I’ll assume you already have MLflow installed on your development machine as a remote server using PostgreSQL and MinIO. If you do not have MLflow installed, check out my post on Setting up a Development Machine with MLflow and MinIO, where I showed how to use Docker Compose to run the services shown below.

MinIO is used in this deployment to store models and datasets. It is important to have a quality object store for these artifacts if you are going to be experimenting with models and eventually moving them into production. This is especially true if you are training large language models.

MLflow and MinIO are better together. MinIO is a performant object storage (349 GB/s GET and 177 GB/s PUT on 32 nodes of NVMe), capable of backing even the most demanding datalake, analytics and AI/ML workloads. Data is written to MinIO with strong consistency, with immutable objects. All objects are protected with inline erasure-code, bitrot hashing and encryption.

What is a Registered Model?

A registered model is a candidate for your production environment. You should register the best-performing models within an experiment. Once a model is registered, you can add metadata to it, such as tags and a description. Models can also be versioned within the Registry and each version can have its own description and tags. Additionally, you can specify the `stage` of the model to track its status. Allowable stages are `None,` `Stage,` `Production,` and `Archive.` I will demo all these features in this post. All code shown in this post can be found here.

To register a model, you must have previously logged it using the `log_model()` function that I demonstrated in my tracking post. Recall from this post that I used a simple flavor of the `log_model()` function to save the model to MLflow. This line of code is shown below.

# Log the trained model.
model_artifact_path = 'mnistmodel'
mlflow.pytorch.log_model(model, artifact_path=model_artifact_path)

To take advantage of all the features of Model Registry, we need to upgrade this command by adding a signature to it. A signature is basically the schema of the model. It tells MLflow the allowable datatypes for inference. You can see from the modified logging code below that MLflow provides an `infer_signature()` function which, as the name implies, infers the signature of your model based on a few samples you send it from either your training set or test set.

# Log the trained model.
images, labels = next(iter(test_loader))
img = images[0].view(1, 784)
label = labels[0]
print(img.size())
print(label.size())
with torch.no_grad():
  logps = model(img)

model_signature = mlflow.models.infer_signature(img.numpy(), logps.numpy())
model_artifact_path = 'mnistmodel'
mlflow.pytorch.log_model(model, artifact_path=model_artifact_path, 

                         signature=model_signature)

Once we have a model logged and it has a schema, we can register it. There are two ways to register a model. One way is to use the MLflow APIs. The other way is to use the MLflow UI to locate and register a previously logged model. I’ll show both these techniques. Let’s start with the APIs for registering.
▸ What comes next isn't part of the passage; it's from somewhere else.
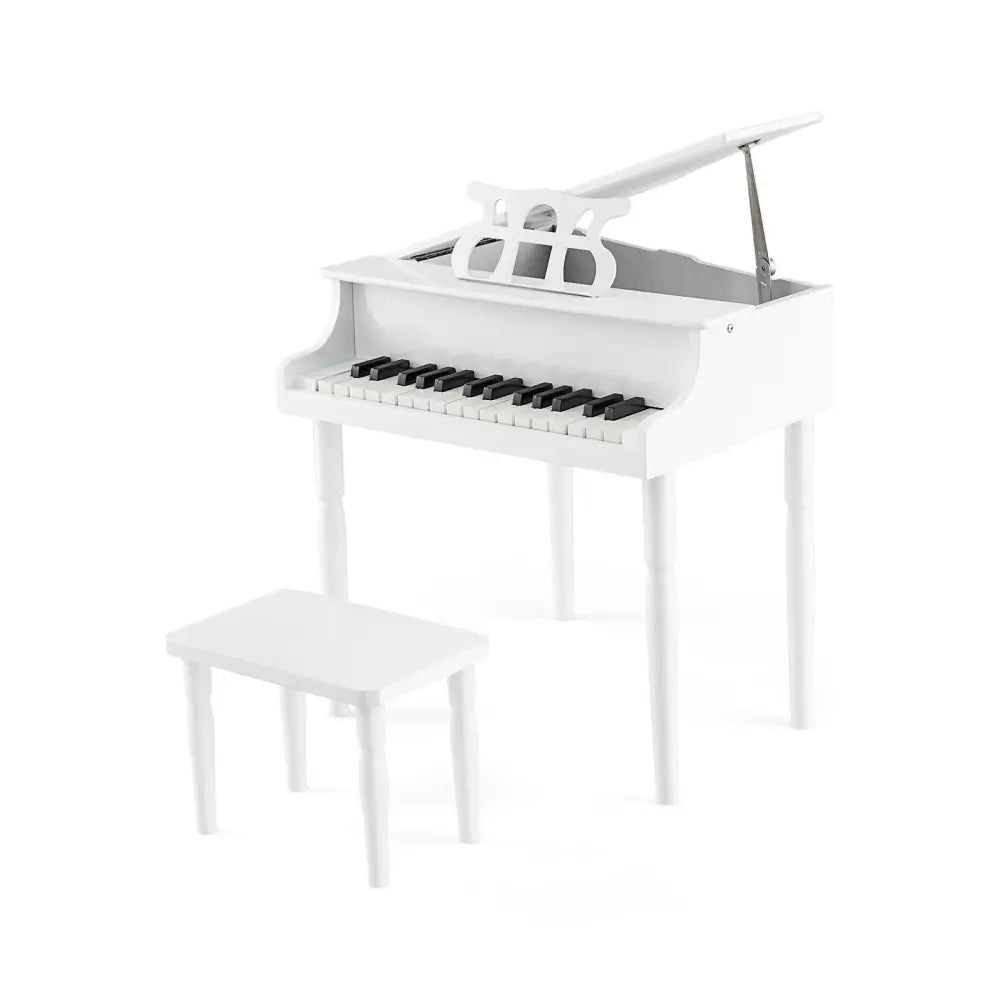 30-Key Wood Toy Kids Grand Piano with Bench and Music Rack-White - White - Pianos & Keyboards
Registering a Model using APIs

The best way to register a previously logged model using APIs is shown below. There are two other techniques which I will briefly describe in a moment - but the technique below is best because it allows you to create the top-level collection entity and the new version of a model using two separate API calls. This gives you the flexibility to give each a different description and different tags. Think of the top-level collection entity as an object that maintains a list of all versions of a model with the same name.

model_name = 'mnist_nn_model'
client = MlflowClient()

# Register top-level collection entity if it has not been previously registered.
filter_string = f"name='{model_name}'"
results = client.search_registered_models(filter_string=filter_string)
if len(results) == 0:
  model_tags = {'framework': 'Pytorch'}
  model_description = 'Various versions of the MNIST model with different hidden layers.'
  client.create_registered_model(model_name, model_tags, model_description)

# Register the new version
run_id = active_run.info.run_id
run_uri = f'runs:/{run_id}/{model_artifact_path}'
model_source = RunsArtifactRepository.get_underlying_uri(run_uri)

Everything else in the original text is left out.